------ Data to use ------
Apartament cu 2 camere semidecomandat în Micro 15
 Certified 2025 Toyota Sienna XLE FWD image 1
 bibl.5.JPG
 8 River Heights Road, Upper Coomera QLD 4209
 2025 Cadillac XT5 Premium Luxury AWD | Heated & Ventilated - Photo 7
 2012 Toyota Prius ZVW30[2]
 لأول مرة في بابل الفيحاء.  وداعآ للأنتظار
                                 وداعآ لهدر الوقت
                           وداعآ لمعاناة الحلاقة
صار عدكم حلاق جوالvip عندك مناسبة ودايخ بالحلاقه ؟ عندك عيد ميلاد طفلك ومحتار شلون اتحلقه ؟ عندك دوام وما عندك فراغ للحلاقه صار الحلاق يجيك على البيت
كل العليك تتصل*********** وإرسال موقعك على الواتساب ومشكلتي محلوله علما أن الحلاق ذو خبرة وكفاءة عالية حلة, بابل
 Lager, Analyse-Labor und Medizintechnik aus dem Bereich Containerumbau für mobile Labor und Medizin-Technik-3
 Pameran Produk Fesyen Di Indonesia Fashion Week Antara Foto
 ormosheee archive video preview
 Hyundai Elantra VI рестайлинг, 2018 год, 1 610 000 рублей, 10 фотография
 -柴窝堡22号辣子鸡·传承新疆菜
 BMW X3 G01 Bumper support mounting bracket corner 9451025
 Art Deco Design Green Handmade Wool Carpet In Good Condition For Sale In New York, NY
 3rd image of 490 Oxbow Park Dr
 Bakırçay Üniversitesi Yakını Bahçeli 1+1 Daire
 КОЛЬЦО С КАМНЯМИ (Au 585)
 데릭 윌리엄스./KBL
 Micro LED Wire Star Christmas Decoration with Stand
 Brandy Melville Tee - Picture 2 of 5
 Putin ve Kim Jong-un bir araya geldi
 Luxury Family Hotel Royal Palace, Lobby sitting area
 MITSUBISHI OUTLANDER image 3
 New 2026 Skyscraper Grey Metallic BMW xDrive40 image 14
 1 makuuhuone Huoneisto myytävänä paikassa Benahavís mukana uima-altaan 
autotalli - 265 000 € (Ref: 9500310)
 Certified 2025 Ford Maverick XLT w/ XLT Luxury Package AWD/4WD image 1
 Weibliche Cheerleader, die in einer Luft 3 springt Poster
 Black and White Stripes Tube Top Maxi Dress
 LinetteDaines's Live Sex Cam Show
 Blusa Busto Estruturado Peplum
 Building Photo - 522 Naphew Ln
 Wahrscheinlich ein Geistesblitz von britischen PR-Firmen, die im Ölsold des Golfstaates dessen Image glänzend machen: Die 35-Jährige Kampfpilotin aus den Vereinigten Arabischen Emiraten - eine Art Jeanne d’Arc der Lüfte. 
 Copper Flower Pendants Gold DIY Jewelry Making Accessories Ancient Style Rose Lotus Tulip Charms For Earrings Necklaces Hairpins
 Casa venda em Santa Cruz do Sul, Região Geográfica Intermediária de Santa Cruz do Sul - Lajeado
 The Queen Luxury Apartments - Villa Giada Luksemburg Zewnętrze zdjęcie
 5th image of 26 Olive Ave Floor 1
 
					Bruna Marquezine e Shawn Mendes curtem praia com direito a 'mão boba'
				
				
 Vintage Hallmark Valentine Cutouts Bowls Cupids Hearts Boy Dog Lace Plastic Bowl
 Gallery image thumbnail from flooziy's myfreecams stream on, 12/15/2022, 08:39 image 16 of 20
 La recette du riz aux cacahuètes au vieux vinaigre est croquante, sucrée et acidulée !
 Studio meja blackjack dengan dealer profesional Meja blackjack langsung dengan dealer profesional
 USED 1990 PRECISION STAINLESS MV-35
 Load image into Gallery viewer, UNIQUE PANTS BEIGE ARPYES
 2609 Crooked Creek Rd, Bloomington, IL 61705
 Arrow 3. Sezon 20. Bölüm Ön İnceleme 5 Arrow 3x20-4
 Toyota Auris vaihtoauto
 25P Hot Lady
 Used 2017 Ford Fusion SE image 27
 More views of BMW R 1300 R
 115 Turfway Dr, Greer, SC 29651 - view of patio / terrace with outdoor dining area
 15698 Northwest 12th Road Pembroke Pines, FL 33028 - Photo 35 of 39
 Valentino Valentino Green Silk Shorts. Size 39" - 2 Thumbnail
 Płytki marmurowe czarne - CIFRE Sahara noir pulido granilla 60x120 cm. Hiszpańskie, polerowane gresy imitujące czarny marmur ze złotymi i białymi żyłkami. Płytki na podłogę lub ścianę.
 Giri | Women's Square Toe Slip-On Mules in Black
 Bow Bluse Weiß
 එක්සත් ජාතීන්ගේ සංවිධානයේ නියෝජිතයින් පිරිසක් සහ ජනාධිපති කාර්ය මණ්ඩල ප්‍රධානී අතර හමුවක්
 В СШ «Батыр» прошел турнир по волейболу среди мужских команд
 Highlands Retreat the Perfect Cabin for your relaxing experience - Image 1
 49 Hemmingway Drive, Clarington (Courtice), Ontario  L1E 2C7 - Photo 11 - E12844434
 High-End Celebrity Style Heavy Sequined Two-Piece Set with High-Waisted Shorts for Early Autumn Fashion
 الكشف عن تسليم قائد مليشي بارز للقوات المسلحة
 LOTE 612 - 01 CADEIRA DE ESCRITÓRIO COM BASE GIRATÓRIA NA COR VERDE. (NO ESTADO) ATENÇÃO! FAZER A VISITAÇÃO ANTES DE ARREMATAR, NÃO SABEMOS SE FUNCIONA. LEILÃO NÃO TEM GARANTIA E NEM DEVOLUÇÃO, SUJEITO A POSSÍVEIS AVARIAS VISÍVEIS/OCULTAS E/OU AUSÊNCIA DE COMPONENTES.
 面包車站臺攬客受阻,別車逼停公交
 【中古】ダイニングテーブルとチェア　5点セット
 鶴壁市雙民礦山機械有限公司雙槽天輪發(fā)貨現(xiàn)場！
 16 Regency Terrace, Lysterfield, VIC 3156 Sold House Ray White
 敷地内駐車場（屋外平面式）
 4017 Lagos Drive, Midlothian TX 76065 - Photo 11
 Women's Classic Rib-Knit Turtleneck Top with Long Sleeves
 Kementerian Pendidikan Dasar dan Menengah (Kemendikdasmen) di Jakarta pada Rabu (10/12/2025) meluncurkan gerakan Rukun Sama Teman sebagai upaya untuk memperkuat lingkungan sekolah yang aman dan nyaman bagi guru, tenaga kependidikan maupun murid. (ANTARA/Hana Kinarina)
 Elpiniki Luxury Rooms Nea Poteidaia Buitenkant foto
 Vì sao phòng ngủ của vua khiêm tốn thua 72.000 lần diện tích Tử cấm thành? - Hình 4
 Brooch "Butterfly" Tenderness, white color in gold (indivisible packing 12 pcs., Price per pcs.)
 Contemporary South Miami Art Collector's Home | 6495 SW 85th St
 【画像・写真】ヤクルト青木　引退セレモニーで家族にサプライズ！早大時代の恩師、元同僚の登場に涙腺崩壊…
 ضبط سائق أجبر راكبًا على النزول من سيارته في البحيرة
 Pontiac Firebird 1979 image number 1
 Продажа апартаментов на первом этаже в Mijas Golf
------
- **Activity**: Please copy every line of the material exactly.

- **Your solution**:
Apartament cu 2 camere semidecomandat în Micro 15
 Certified 2025 Toyota Sienna XLE FWD image 1
 bibl.5.JPG
 8 River Heights Road, Upper Coomera QLD 4209
 2025 Cadillac XT5 Premium Luxury AWD | Heated & Ventilated - Photo 7
 2012 Toyota Prius ZVW30[2]
 لأول مرة في بابل الفيحاء.  وداعآ للأنتظار
                                 وداعآ لهدر الوقت
                           وداعآ لمعاناة الحلاقة
صار عدكم حلاق جوالvip عندك مناسبة ودايخ بالحلاقه ؟ عندك عيد ميلاد طفلك ومحتار شلون اتحلقه ؟ عندك دوام وما عندك فراغ للحلاقه صار الحلاق يجيك على البيت
كل العليك تتصل*********** وإرسال موقعك على الواتساب ومشكلتي محلوله علما أن الحلاق ذو خبرة وكفاءة عالية حلة, بابل
 Lager, Analyse-Labor und Medizintechnik aus dem Bereich Containerumbau für mobile Labor und Medizin-Technik-3
 Pameran Produk Fesyen Di Indonesia Fashion Week Antara Foto
 ormosheee archive video preview
 Hyundai Elantra VI рестайлинг, 2018 год, 1 610 000 рублей, 10 фотография
 -柴窝堡22号辣子鸡·传承新疆菜
 BMW X3 G01 Bumper support mounting bracket corner 9451025
 Art Deco Design Green Handmade Wool Carpet In Good Condition For Sale In New York, NY
 3rd image of 490 Oxbow Park Dr
 Bakırçay Üniversitesi Yakını Bahçeli 1+1 Daire
 КОЛЬЦО С КАМНЯМИ (Au 585)
 데릭 윌리엄스./KBL
 Micro LED Wire Star Christmas Decoration with Stand
 Brandy Melville Tee - Picture 2 of 5
 Putin ve Kim Jong-un bir araya geldi
 Luxury Family Hotel Royal Palace, Lobby sitting area
 MITSUBISHI OUTLANDER image 3
 New 2026 Skyscraper Grey Metallic BMW xDrive40 image 14
 1 makuuhuone Huoneisto myytävänä paikassa Benahavís mukana uima-altaan 
autotalli - 265 000 € (Ref: 9500310)
 Certified 2025 Ford Maverick XLT w/ XLT Luxury Package AWD/4WD image 1
 Weibliche Cheerleader, die in einer Luft 3 springt Poster
 Black and White Stripes Tube Top Maxi Dress
 LinetteDaines's Live Sex Cam Show
 Blusa Busto Estruturado Peplum
 Building Photo - 522 Naphew Ln
 Wahrscheinlich ein Geistesblitz von britischen PR-Firmen, die im Ölsold des Golfstaates dessen Image glänzend machen: Die 35-Jährige Kampfpilotin aus den Vereinigten Arabischen Emiraten - eine Art Jeanne d’Arc der Lüfte. 
 Copper Flower Pendants Gold DIY Jewelry Making Accessories Ancient Style Rose Lotus Tulip Charms For Earrings Necklaces Hairpins
 Casa venda em Santa Cruz do Sul, Região Geográfica Intermediária de Santa Cruz do Sul - Lajeado
 The Queen Luxury Apartments - Villa Giada Luksemburg Zewnętrze zdjęcie
 5th image of 26 Olive Ave Floor 1
 
					Bruna Marquezine e Shawn Mendes curtem praia com direito a 'mão boba'
				
				
 Vintage Hallmark Valentine Cutouts Bowls Cupids Hearts Boy Dog Lace Plastic Bowl
 Gallery image thumbnail from flooziy's myfreecams stream on, 12/15/2022, 08:39 image 16 of 20
 La recette du riz aux cacahuètes au vieux vinaigre est croquante, sucrée et acidulée !
 Studio meja blackjack dengan dealer profesional Meja blackjack langsung dengan dealer profesional
 USED 1990 PRECISION STAINLESS MV-35
 Load image into Gallery viewer, UNIQUE PANTS BEIGE ARPYES
 2609 Crooked Creek Rd, Bloomington, IL 61705
 Arrow 3. Sezon 20. Bölüm Ön İnceleme 5 Arrow 3x20-4
 Toyota Auris vaihtoauto
 25P Hot Lady
 Used 2017 Ford Fusion SE image 27
 More views of BMW R 1300 R
 115 Turfway Dr, Greer, SC 29651 - view of patio / terrace with outdoor dining area
 15698 Northwest 12th Road Pembroke Pines, FL 33028 - Photo 35 of 39
 Valentino Valentino Green Silk Shorts. Size 39" - 2 Thumbnail
 Płytki marmurowe czarne - CIFRE Sahara noir pulido granilla 60x120 cm. Hiszpańskie, polerowane gresy imitujące czarny marmur ze złotymi i białymi żyłkami. Płytki na podłogę lub ścianę.
 Giri | Women's Square Toe Slip-On Mules in Black
 Bow Bluse Weiß
 එක්සත් ජාතීන්ගේ සංවිධානයේ නියෝජිතයින් පිරිසක් සහ ජනාධිපති කාර්ය මණ්ඩල ප්‍රධානී අතර හමුවක්
 В СШ «Батыр» прошел турнир по волейболу среди мужских команд
 Highlands Retreat the Perfect Cabin for your relaxing experience - Image 1
 49 Hemmingway Drive, Clarington (Courtice), Ontario  L1E 2C7 - Photo 11 - E12844434
 High-End Celebrity Style Heavy Sequined Two-Piece Set with High-Waisted Shorts for Early Autumn Fashion
 الكشف عن تسليم قائد مليشي بارز للقوات المسلحة
 LOTE 612 - 01 CADEIRA DE ESCRITÓRIO COM BASE GIRATÓRIA NA COR VERDE. (NO ESTADO) ATENÇÃO! FAZER A VISITAÇÃO ANTES DE ARREMATAR, NÃO SABEMOS SE FUNCIONA. LEILÃO NÃO TEM GARANTIA E NEM DEVOLUÇÃO, SUJEITO A POSSÍVEIS AVARIAS VISÍVEIS/OCULTAS E/OU AUSÊNCIA DE COMPONENTES.
 面包車站臺攬客受阻,別車逼停公交
 【中古】ダイニングテーブルとチェア　5点セット
 鶴壁市雙民礦山機械有限公司雙槽天輪發(fā)貨現(xiàn)場！
 16 Regency Terrace, Lysterfield, VIC 3156 Sold House Ray White
 敷地内駐車場（屋外平面式）
 4017 Lagos Drive, Midlothian TX 76065 - Photo 11
 Women's Classic Rib-Knit Turtleneck Top with Long Sleeves
 Kementerian Pendidikan Dasar dan Menengah (Kemendikdasmen) di Jakarta pada Rabu (10/12/2025) meluncurkan gerakan Rukun Sama Teman sebagai upaya untuk memperkuat lingkungan sekolah yang aman dan nyaman bagi guru, tenaga kependidikan maupun murid. (ANTARA/Hana Kinarina)
 Elpiniki Luxury Rooms Nea Poteidaia Buitenkant foto
 Vì sao phòng ngủ của vua khiêm tốn thua 72.000 lần diện tích Tử cấm thành? - Hình 4
 Brooch "Butterfly" Tenderness, white color in gold (indivisible packing 12 pcs., Price per pcs.)
 Contemporary South Miami Art Collector's Home | 6495 SW 85th St
 【画像・写真】ヤクルト青木　引退セレモニーで家族にサプライズ！早大時代の恩師、元同僚の登場に涙腺崩壊…
 ضبط سائق أجبر راكبًا على النزول من سيارته في البحيرة
 Pontiac Firebird 1979 image number 1
 Продажа апартаментов на первом этаже в Mijas Golf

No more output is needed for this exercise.